Organ donation is an interesting thing. You can donate some things while you're still alive. A large portion of your liver, which will grow back. One of your two kidneys. One of your two lungs. (Those don't typically grow back.) Other things, you can donate when you die. Your heart. Other things, you'll probably want to wait until your death to donate, like your skin or your corneas.
I was reading earlier this week about how scientists have rebuilt lungs to improve compatibility. Essentially, your own diseased lung is rebuilt from scratch using your own stem cells, then reimplanted. They reported that this will save hundreds of lives every year, because hundreds die while waiting on donor lungs.
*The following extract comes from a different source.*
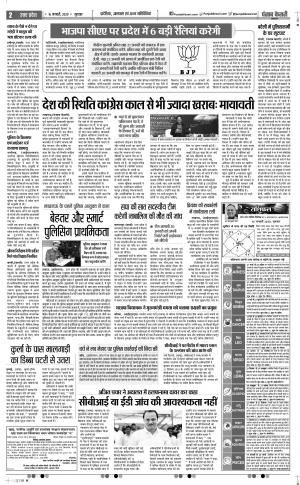 16-01-2020 Punjab Kesari 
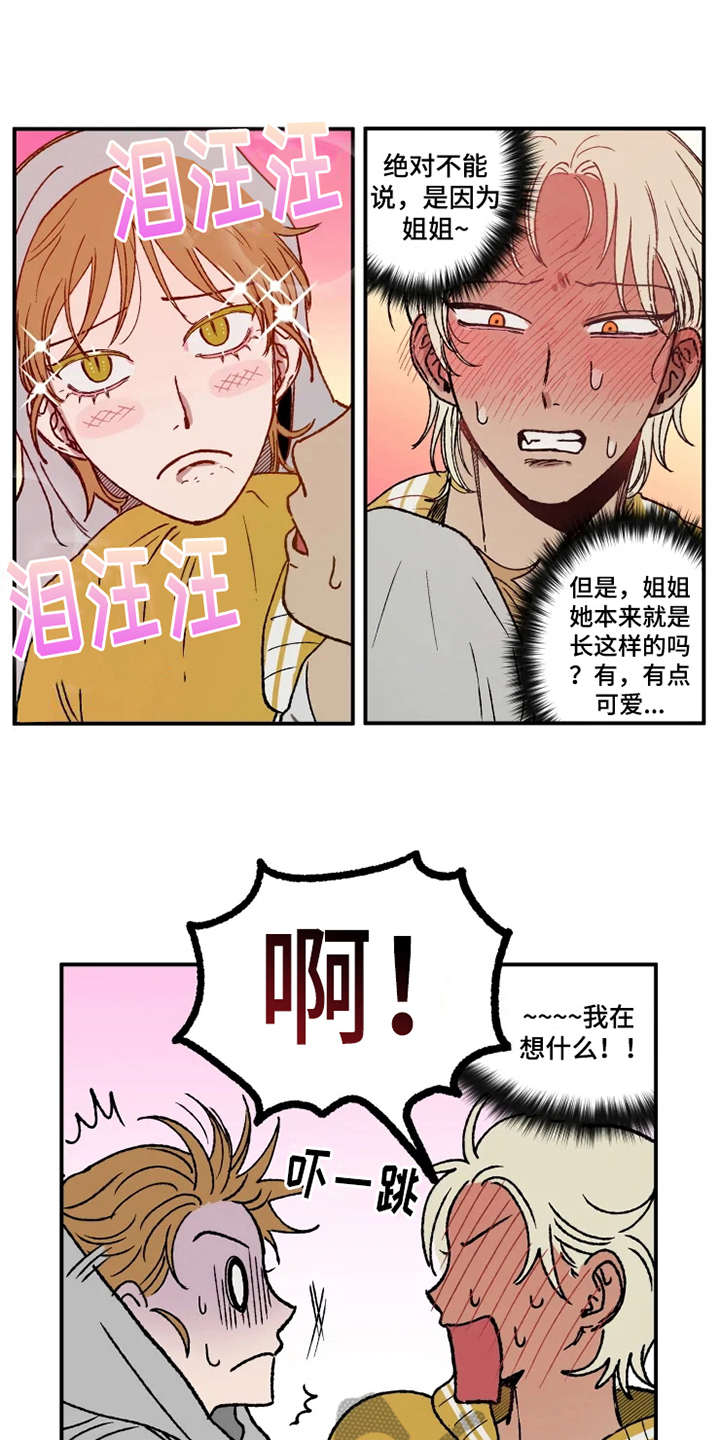 第23话0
You can also use a donor who would otherwise be incompatible, which saves even more lives.
And I was thinking, you know what other organ could benefit from this? Kidneys. Millions worldwide depend on dialysis, because their kidneys have totally failed. There's a limited number of machines, and we can't seem to build more fast enough. But if we rebuilt the patient's own kidneys, they would no longer need dialysis. It would be merely a stopgap measure to get them through the failed period, which is no longer "the rest of your short life." In fact, the more organs we could apply this to, the better the organ donation works out. Incompatibility would cease to exist, making every donated organ more useful.
But the best aspect of all was suggested by a reader of the original article who called himself "dancupid." He suggests using 3d printing techniques to lay out an artificial extracellular matrix. If that could be done, then we never need organ donation again. Each person could have an organ bank of 5 or so of their own organs, grown from a printed extracellular matrix and their own stem cells, and kept alive in life support machines. If I get stabbed in the kidneys, I can have my loved ones take a kidney from my organ bank to the hospital, where they implant it. The stabbed one can be donated to someone who couldn't afford the printed organs (and will have its cells replaced with their own), and when I get home, I print a new one in case this happens again. If my lungs should develop cancer from all the air pollution, I have a printed replacement ready to go. If my heart should give out, as happened to many of my ancestors, I have spares. In all cases, I'd cheerfully donate the old one.
....dear God, we'd be nearly immortal. We'd last as long as our brains. (You could print a new one, I suppose, but would it still be you?)